Translation:Sipendi mwizi

June 15, 2017



Noun (mwizi)

mwizi (m-wa class, plural wezi)

thief (one who carries out theft)

From Wiktionary

June 15, 2017


Even though it looks really different, I think it's related to (ku)iba 'to steal' ... usually to indicate the human agent of an action, you add the m(w)- before the verb stem and something like -ji or -zi afterwards, with a consonant sometimes being dropped, affecting which ending it takes (like (ku)andika >> mwandishi) so this just looks like that process.

June 17, 2017


Wow, this is so impressive! And yes, definitely I would like to understand all these processes in the language. Sometimes we can see also the Proto-Bantu root or other related forms as Zulu in Wiktionary entries.
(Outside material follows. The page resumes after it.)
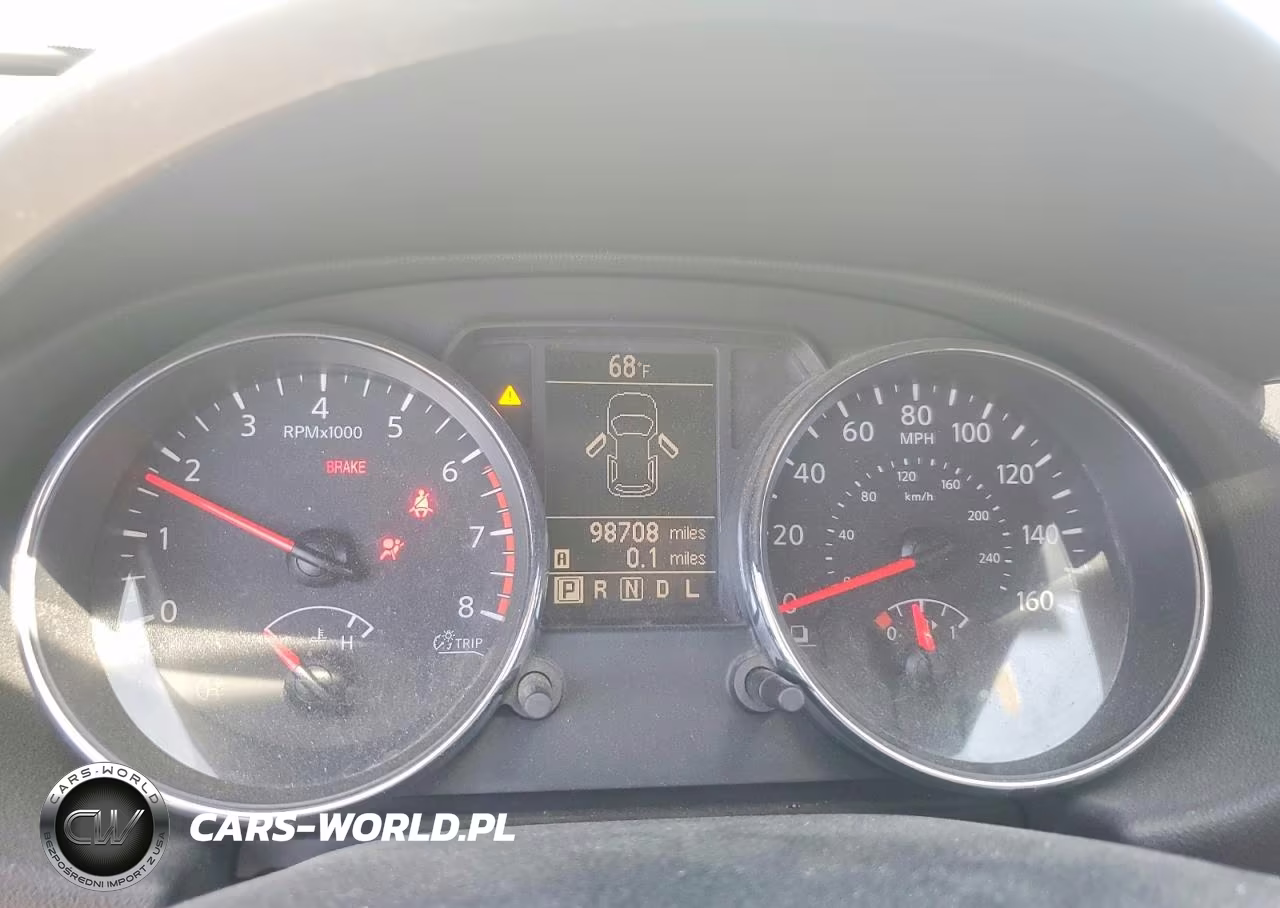 2012 Nissan Rogue S VIN:JN8AS5MV7CW405702 - 9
If only it would be necessary to read a grammar text about Swahili but I think it is good to begin the understanding of this point as you are offering here and then we can link it to other languages. I was just listening to Xhosa songs and not only to hear the clicks (the clicks sounds are really interesting in this language), but also because there are some forms of words that I can hear to be very similar to Swahili forms, for example the word wako. I really do not know if it has the same meaning in Swahili but perhaps I can start some courses in Memrise or other site to know this. I think this learning can be more complicated but sometimes it can be really helpful. Thanks a lot for adding this interesting aspect of the language. :)

June 18, 2017


Why only one thief ? Sipendi wezi - I don't like thiefs - would be better.

November 3, 2017


I suppose that construction is not uncommon or grammatically wrong in Swahili although it is in English?